Today I'm feeling a little yucky, for no apparent reason other than that I'm trying to get my husband's cold. Nothing is good for me, everything feels bad. I don't want to do much of anything and I'm not interested in anything going on in my life right now.
One of the books I'm reading now is called Mindfulness, Bliss, and Beyond by Brahm. It's a book about meditation and I'm just at the beginning. I'm reading the book because I want to get good at meditating again. I used to be good, and now I just sit around and feel itchy and distracted when I meditate. Brahm says that there is no such thing as a bad meditation; I try to believe that, but I feel really ineffectual at it. I want it to come right now and be really deep and meaningful. I want to drop my brain into a deep meditative state and realize answers to all my problems.

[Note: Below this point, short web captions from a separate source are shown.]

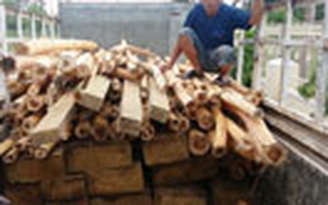 Liên tiếp bắt nhiều vụ vận chuyển gỗ lậu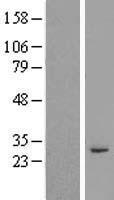 RASSF3 Human Over-expression Lysate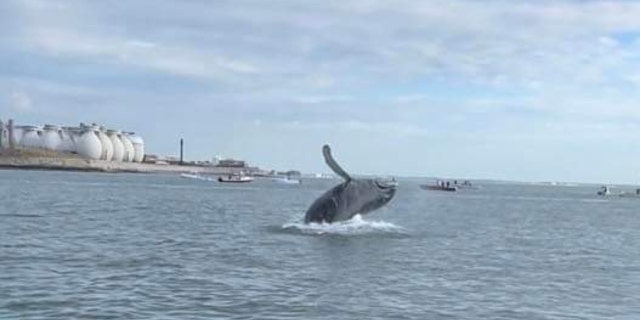 A humpback whale breaches Massachusetts' Boston Harbor.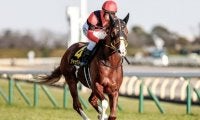 【金鯱賞見どころ】目下4連勝中のジャックドールが初の重賞に挑む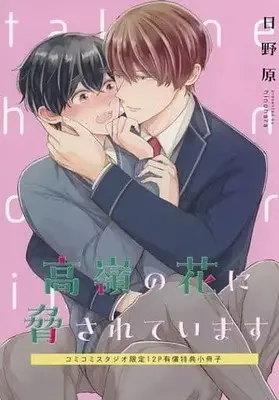 Manga appendix Takane no Hana ni Odosareteimasu (【小冊子】高嶺の花に脅されています コミコミスタジオ有償特典小冊子)  / Hinohara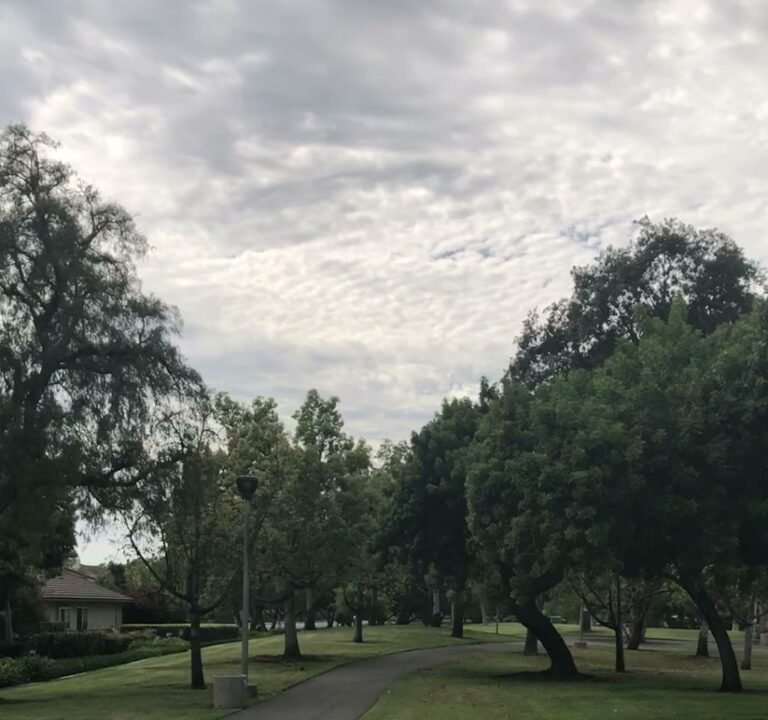 Soccer Field image 4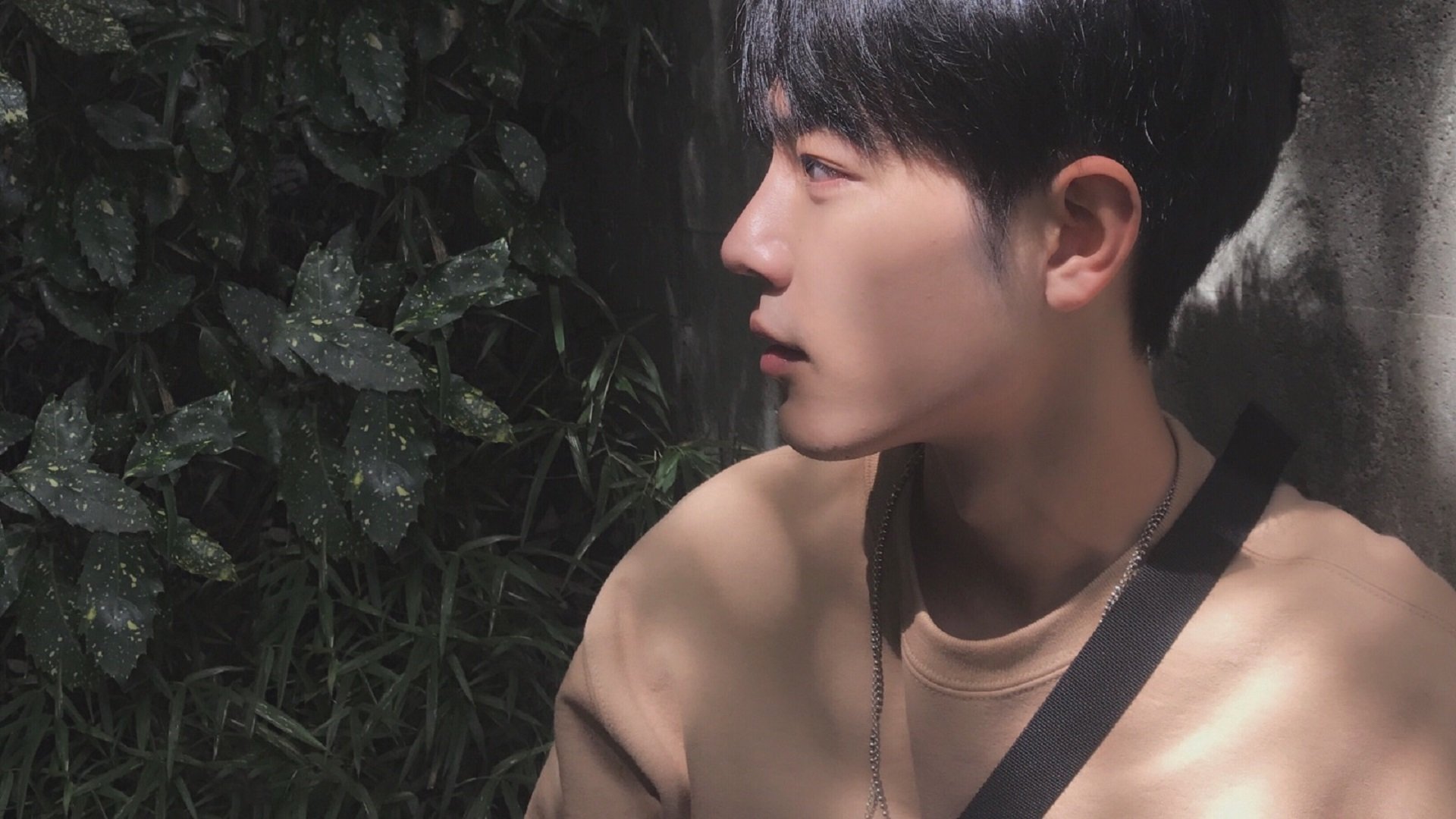 数据核爆之夜，巴雷拉的完美风暴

He's got a funny story about meditation and the struggle with instant gratification: he talks about the person who goes to work on Monday, works real hard all day and goes home without a paycheck. Tuesday he gets up and does the same thing, working and working but not getting any money. He does this all week, until Friday. Then he works hard and gets a paycheck at the end of the day, paying him for the previous days' worth of work. Meditation is like that sometimes, lots of hard work at it for seemingly no pay-off, until the day we have perfect meditations and get exactly what we want out of it. I'm still waiting for my big pay-off.

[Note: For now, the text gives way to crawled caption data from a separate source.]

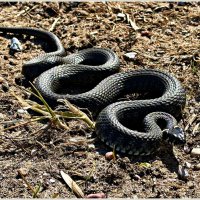 Весенний лес. Уж обыкновенный. :: Валерия Комова Весенний лес. Уж обыкновенный. :: Валерия Комова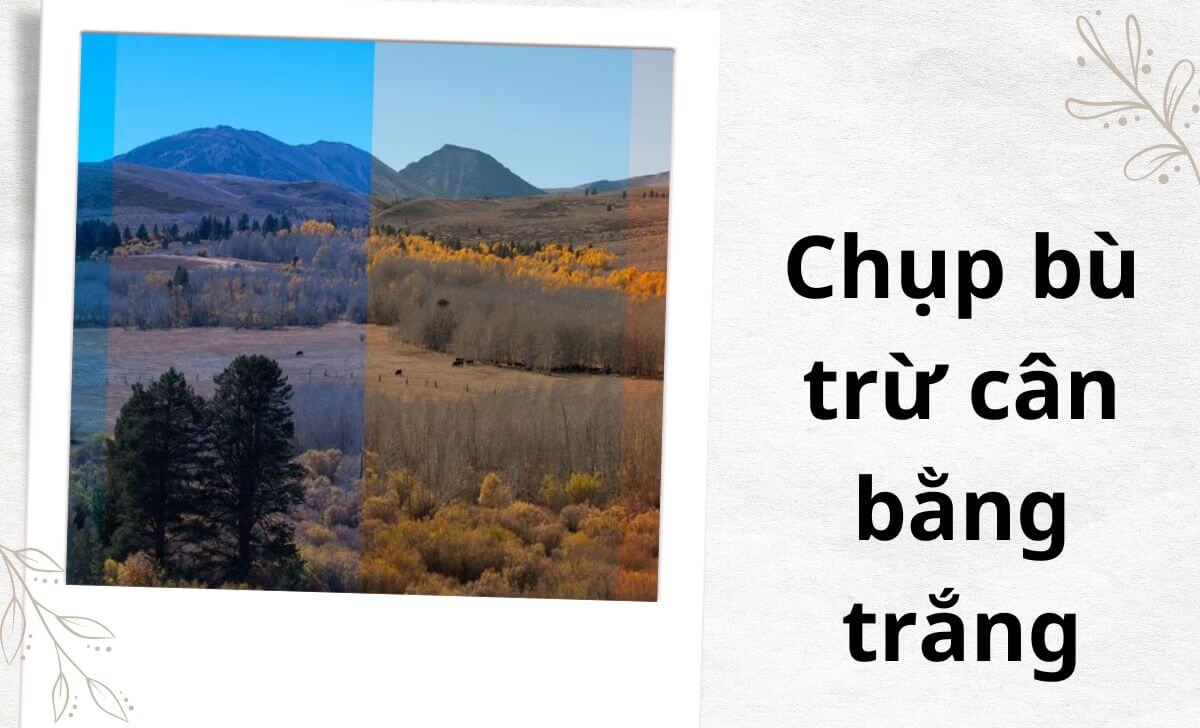 Mục đích của chụp bù trừ cân bằng trắng là tạo ra một bộ ảnh với nhiều phiên bản của cảnh đã chụp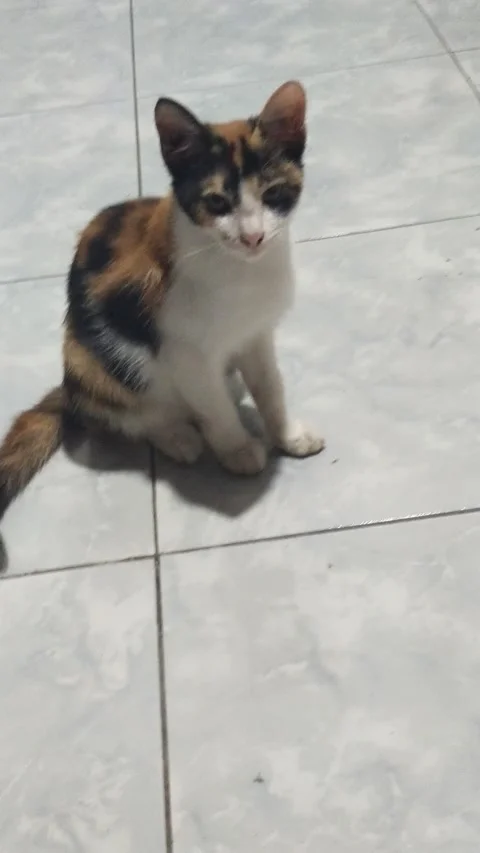 Video cute cat is looking at something and nodding Video stock 208093886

Something else he says struck a nerve in me, especially today:
In meditation, experiences come one by one through the doors of our senses into the mind. If you greet one experience with mindfulness and then start a conversation with it, you will miss the next experience following right behind.
And I realized that I've been going about this day all sideways. I've been looking for the next experience, and the next and so on. And I feel like I have nothing to experience at all, nothing to make me happy, nothing to make sense to me. I'm floundering in all this non-experience, and that's something to experience all on its own.
I don't know what this means to me yet, but for the first time today my mind is a little bit more focused and I feel just a little bit less floundery about myself.

Comments
I took a lot of comfort in this, and it was kind of one of those lightbulb moments for me. :) Keep on truckin' with the meditation and trust you'll get there.